Ellos eran André y Fernando, dos pequeñines inquietos, llenos de energía que estuvieron allí siempre. No por mí, ni siquiera por sus mamás que los “mandaban” todos los sábados; era Dios y su voluntad perfecta que en ese momento ni pensaba que tenía que ver-. Se hacían acompañar por su inseparable amigo Fabricio pero la regularidad era más constante en ellos dos en aquel entonces. Aún no había mayor interés que el de una clase hacia ellos, poco me importaba que realidad tenían en sus hogares, qué les ofrecía el mundo y con qué debíamos contrastarlo.

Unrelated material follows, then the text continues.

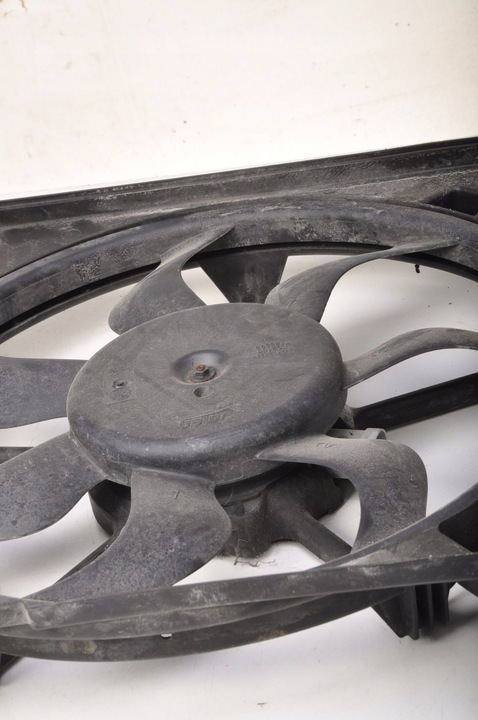 фото №6, Nissan micra k14 вентилятор радиатор 214815fa0b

Era simplemente “un trabajo espiritual que terminaba al último minuto de los 120 que debía estar con ellos”.
Pero eran ángeles que Dios convertiría en sus aliados para transformar el pensamiento de un post adolescente como yo traumado por sus obligaciones y por las pasiones juveniles.
La época tibia
Nunca se desdibujará de mi mente el día que después de la campaña, André, el hiperactivo niño de 12 años llegó junto con Fernando aún más hiperactivo que el primero, a decirme casi ciegamente “queremos bautizarnos”. Yo era un incrédulo, un líder de bolsillo y peor aún en esa época en que los diez últimos bautizados casi inmediatamente de identificarse con este acto simbólico se alejaron rotundamente de la iglesia. ¿Cómo dos pequeños de 12 y 11 iban a tomar en serio un bautismo si hacían alboroto todos los sábados y si los grandes que lo hacían “con todos sus sentidos” se iban a los días al mundo? Con el tiempo Dios me hizo descubrir que ellos a sus pocos años harían la diferencia y que yo sería su cómplice y fiel testigo.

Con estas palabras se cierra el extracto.